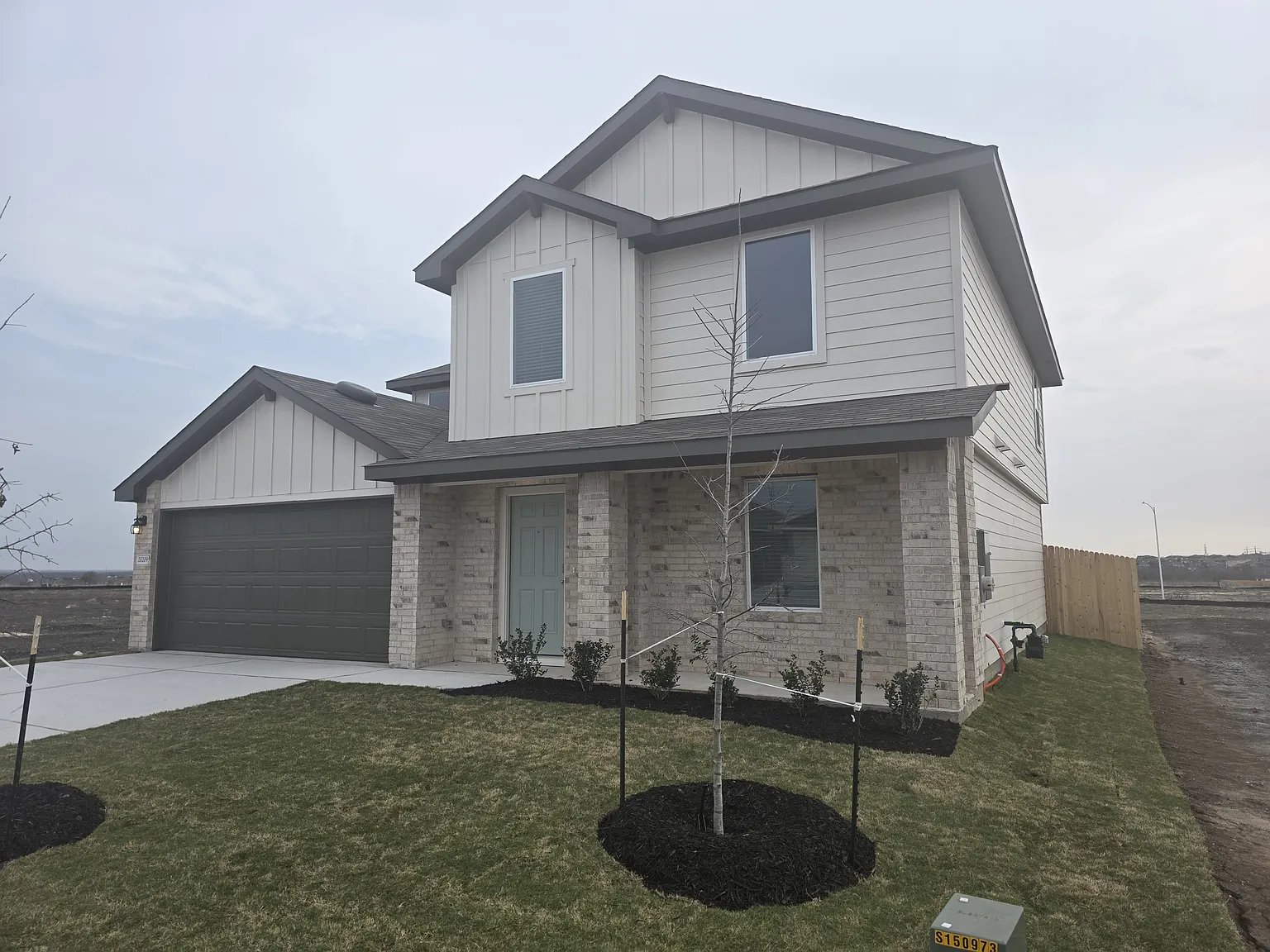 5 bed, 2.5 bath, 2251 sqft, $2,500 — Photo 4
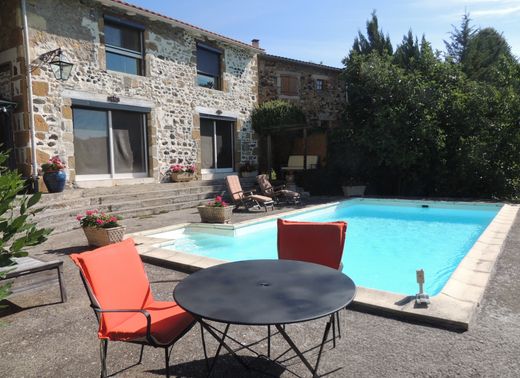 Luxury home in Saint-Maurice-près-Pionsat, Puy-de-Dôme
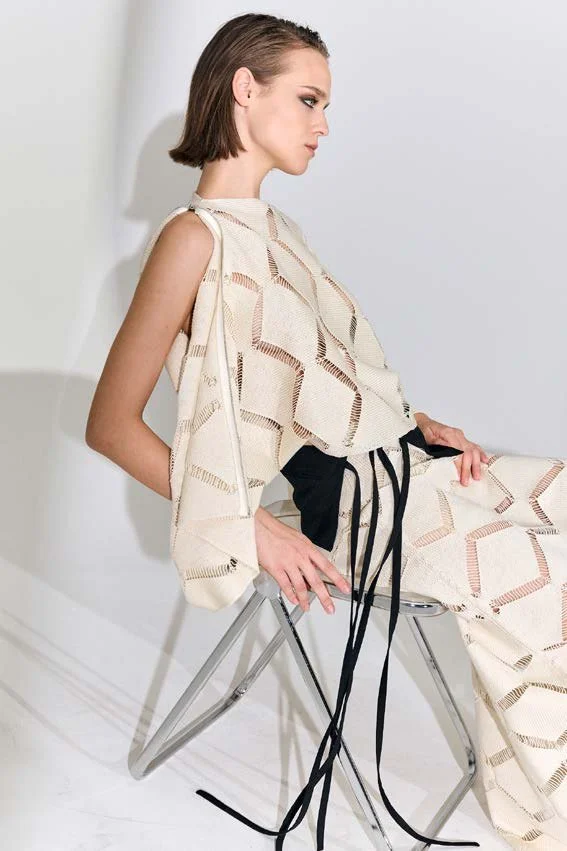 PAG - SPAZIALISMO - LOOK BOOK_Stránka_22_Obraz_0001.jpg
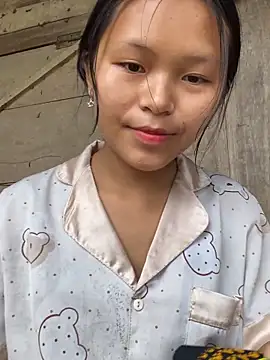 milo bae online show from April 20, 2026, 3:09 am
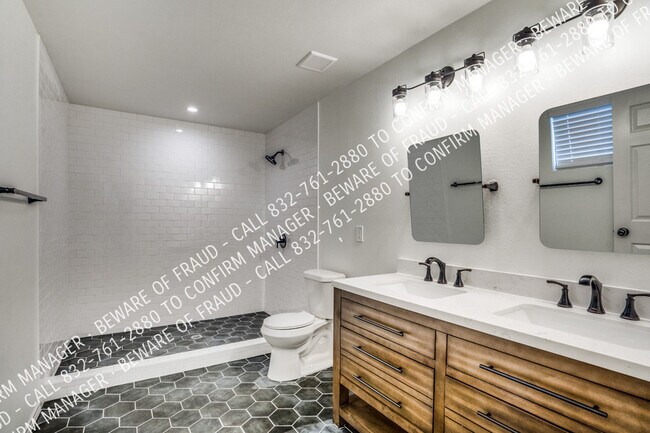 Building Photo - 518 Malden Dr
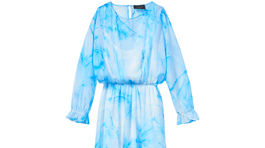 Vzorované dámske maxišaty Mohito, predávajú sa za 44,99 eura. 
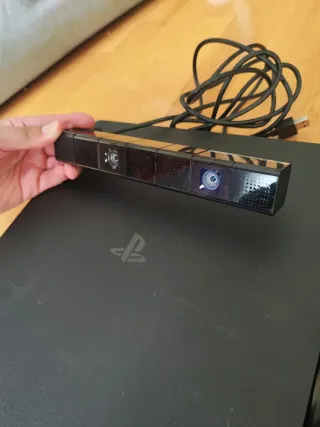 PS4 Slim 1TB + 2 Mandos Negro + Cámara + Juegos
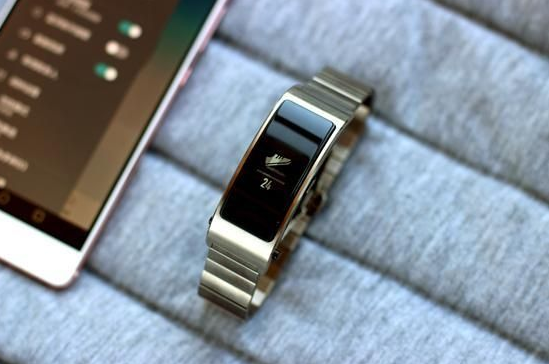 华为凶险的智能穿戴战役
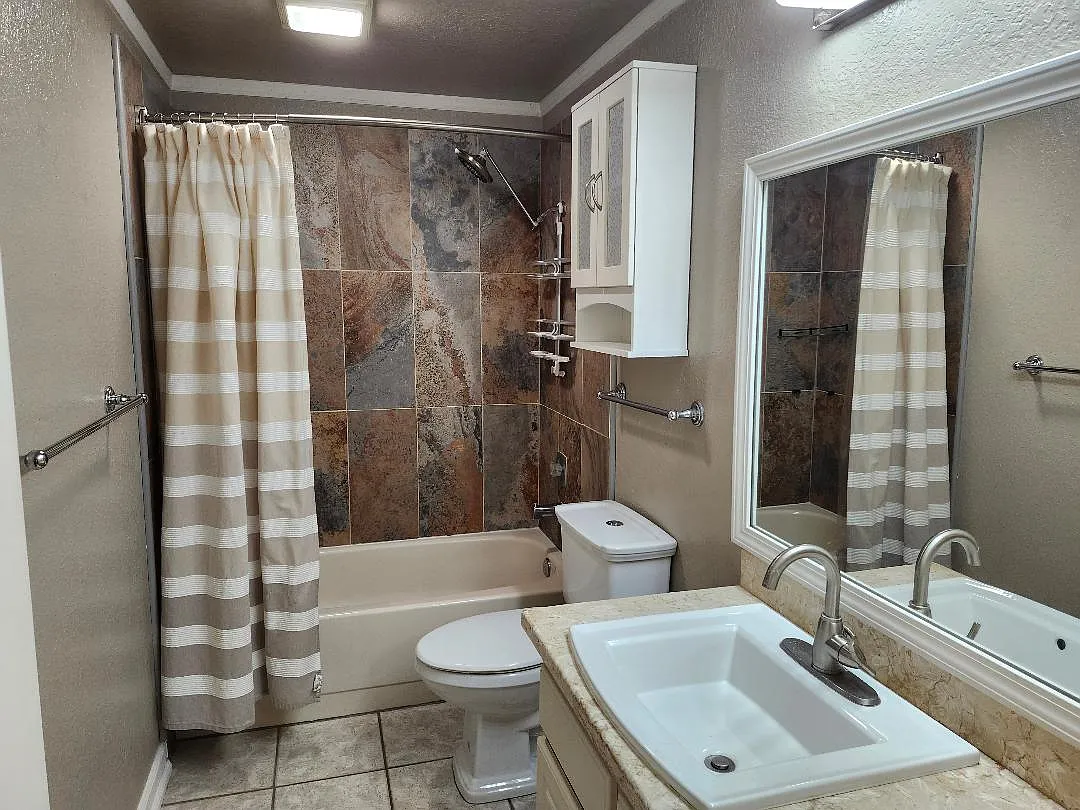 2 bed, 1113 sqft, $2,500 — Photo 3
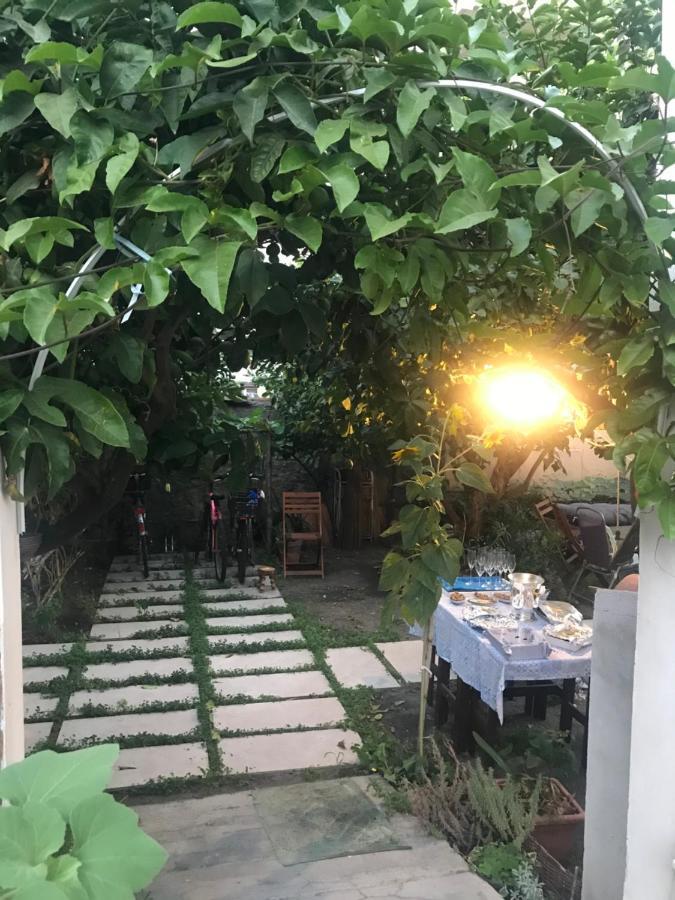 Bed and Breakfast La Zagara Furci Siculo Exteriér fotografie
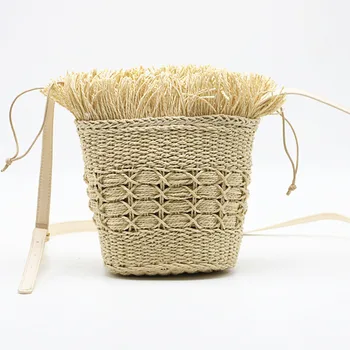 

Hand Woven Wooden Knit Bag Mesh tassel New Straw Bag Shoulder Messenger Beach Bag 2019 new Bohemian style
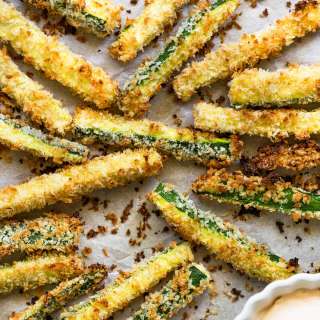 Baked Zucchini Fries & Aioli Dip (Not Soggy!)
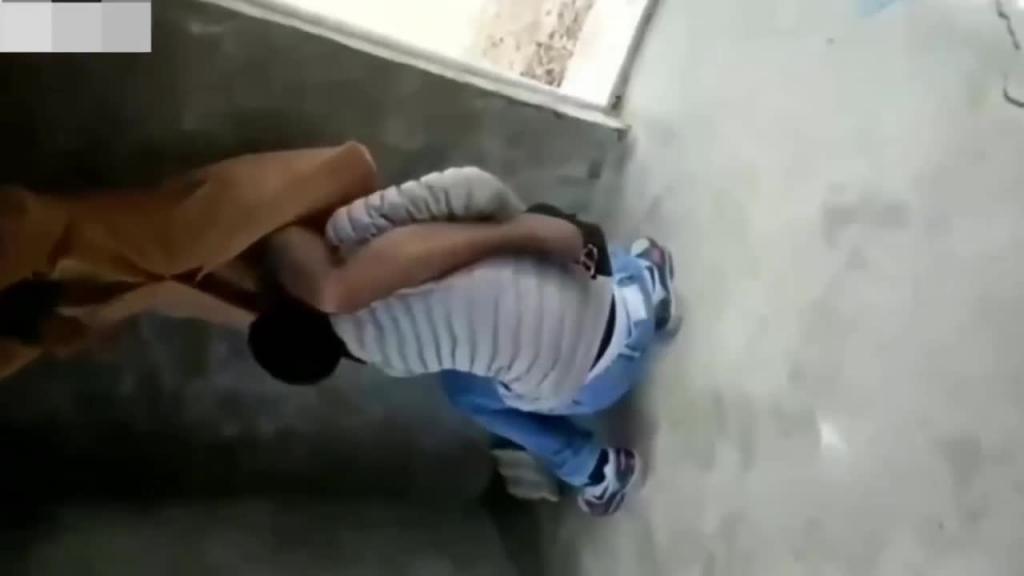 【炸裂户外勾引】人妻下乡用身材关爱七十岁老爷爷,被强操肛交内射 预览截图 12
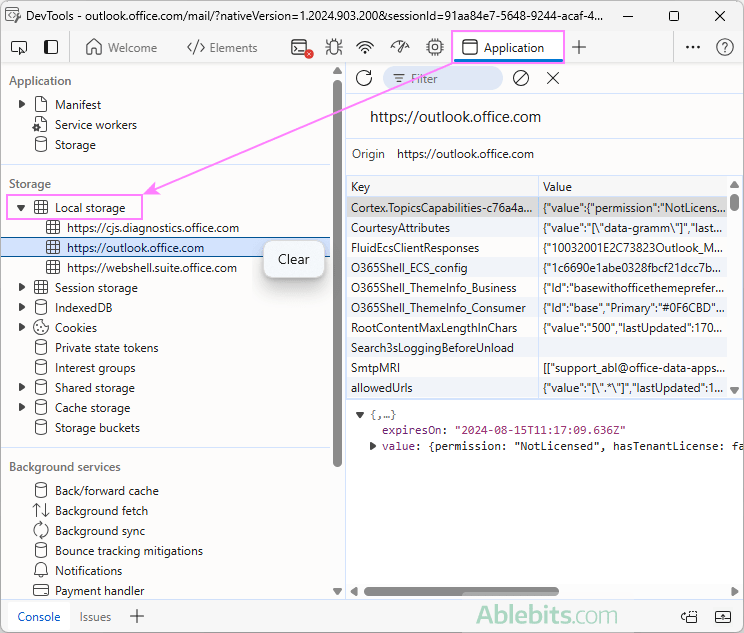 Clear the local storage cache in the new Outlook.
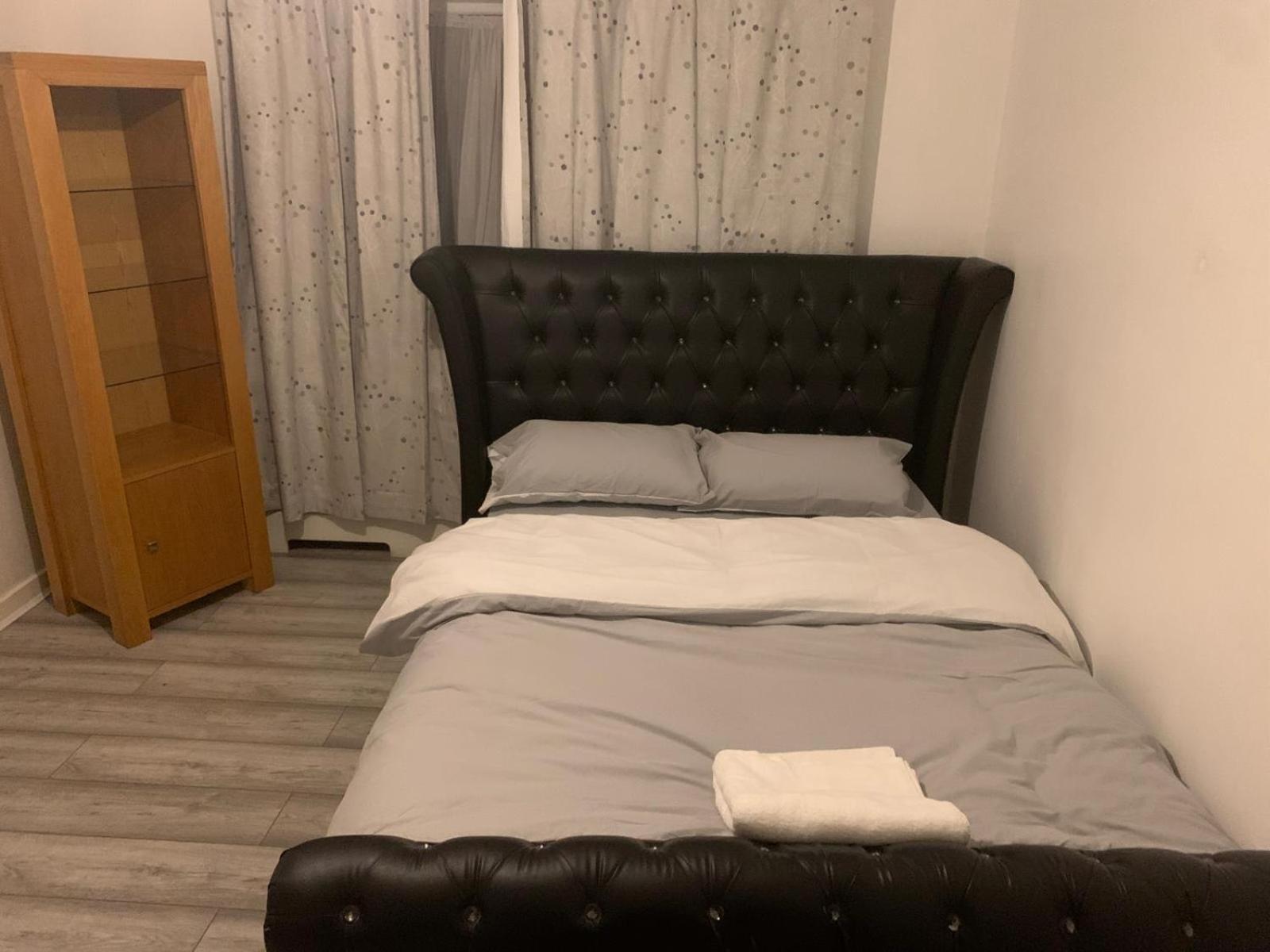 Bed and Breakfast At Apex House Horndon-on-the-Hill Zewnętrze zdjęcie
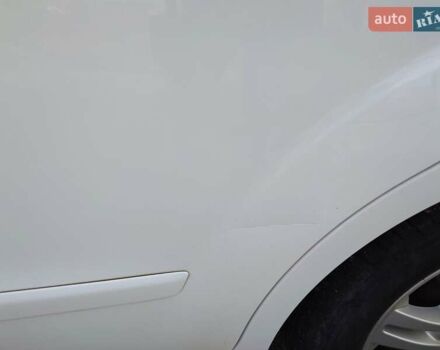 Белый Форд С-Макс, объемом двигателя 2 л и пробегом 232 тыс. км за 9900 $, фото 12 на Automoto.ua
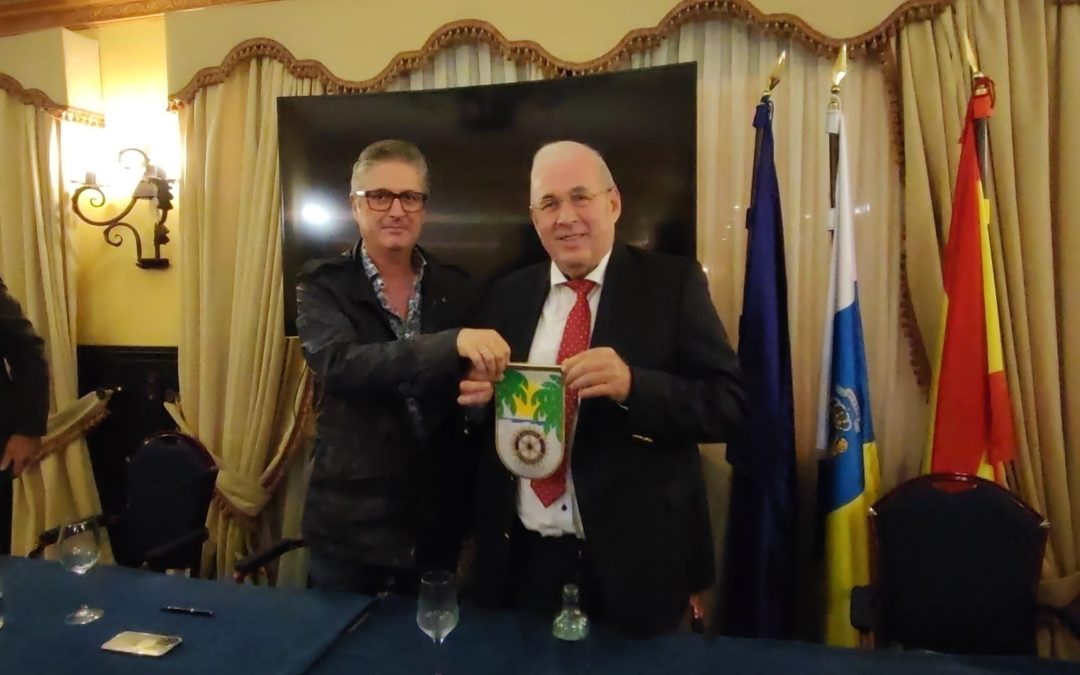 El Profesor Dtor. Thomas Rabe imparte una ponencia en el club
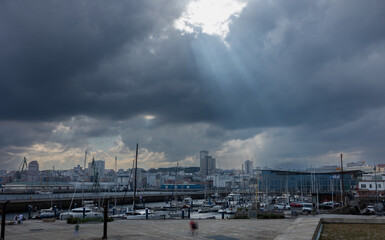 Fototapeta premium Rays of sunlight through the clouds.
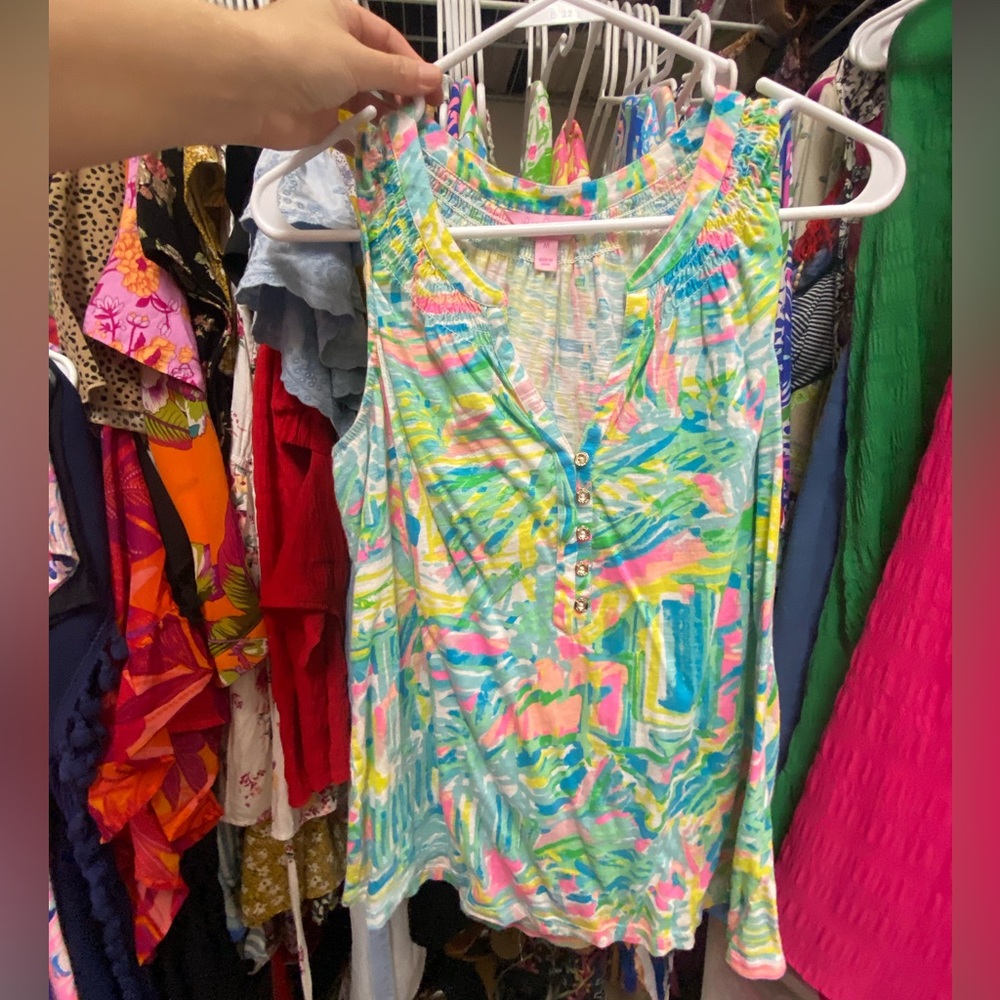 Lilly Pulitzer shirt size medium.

Exercise requirements — Your answer should be the exact lines above from the one containing "Bed and Breakfast At" through the one containing "El Profesor Dtor.", with both end lines kept and the pictures removed, please.

Exercise solution —
 Bed and Breakfast At Apex House Horndon-on-the-Hill Zewnętrze zdjęcie
 Белый Форд С-Макс, объемом двигателя 2 л и пробегом 232 тыс. км за 9900 $, фото 12 на Automoto.ua
 El Profesor Dtor. Thomas Rabe imparte una ponencia en el club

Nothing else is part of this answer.